Drainage and impoundment, and the subsequent development of urban areas and intensive agriculture, have had profound impacts on Everglades biota. Spatial extent of the Everglades has been reduced by half, and the remaining areas have been affected by major alterations in hydropattern. Analysis of hydroperiod maps reveals the substantially larger extent of inundation under NSM, extending northward over former sawgrass prairies now drained and subsumed in the Everglades Agriculture Area, and eastward over natural areas now converted to urban centers. Cycles of drought and flood have been exacerbated, and timing and predictability of water flows have been affected as well. Changes in soil, vegetation, and water quality, as well as hydropattern alterations, have impacted breeding and foraging potentials and population distributions. Invasions of exotic species, changes in water temperature, dissolved oxygen, and nutrient loading, increased human activity on the landscape, and a multitude of other changes have accompanied water management.
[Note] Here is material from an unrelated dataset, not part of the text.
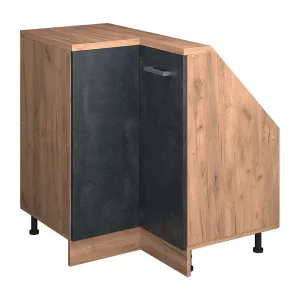 Hoekkeukenkast voor schuine wand zwart beton 75.6×75.6×81.6 r-line Hoekkeukenkast voor schuine wand zwart beton 75.6×75.6×81.6 r-line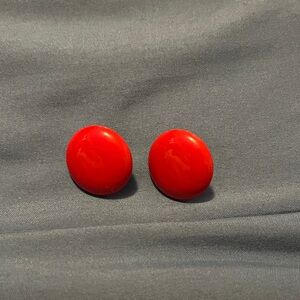 Bold Red circle Earrings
The Natural Systems Model simulates hydropatterns before canals, levees, dikes and pumps reshaped the landscape. The NSM reflects frequency, duration, depth, and spatial extent of water inundation under the natural system. To the extent that ATLSS index models are hydrologically driven, we can compare NSM biotic impacts with those of SFWMM scenarios within areas that remain in natural vegetation under the SFWMM. However, each index model also has a habitat suitability component that excludes pixels identified as habitat types that are unsuitable for breeding of the modeled species (e.g., urban and agricultural types).

Pixels that have been excluded based on their classification in the FGAP vegetation map from SFWMM hydrology simulations must also be excluded from NSM simulations. Although some of these areas would in fact have provided suitable breeding habitat during the historical period of the NSM, we have no way to assign historically correct vegetation types without a vegetation map contemporaneous with NSM hydrology. For this reason, we cannot capture the biological effects of loss of spatial extent of breeding habitat under the managed system.

Therefore, in addition to other sources of model uncertainty for ATLSS Model outputs for the Initial CERP Update, the NSM evaluations include limitations imposed by changes in habitat type between the NSM modeling time period and that of the SFWMM.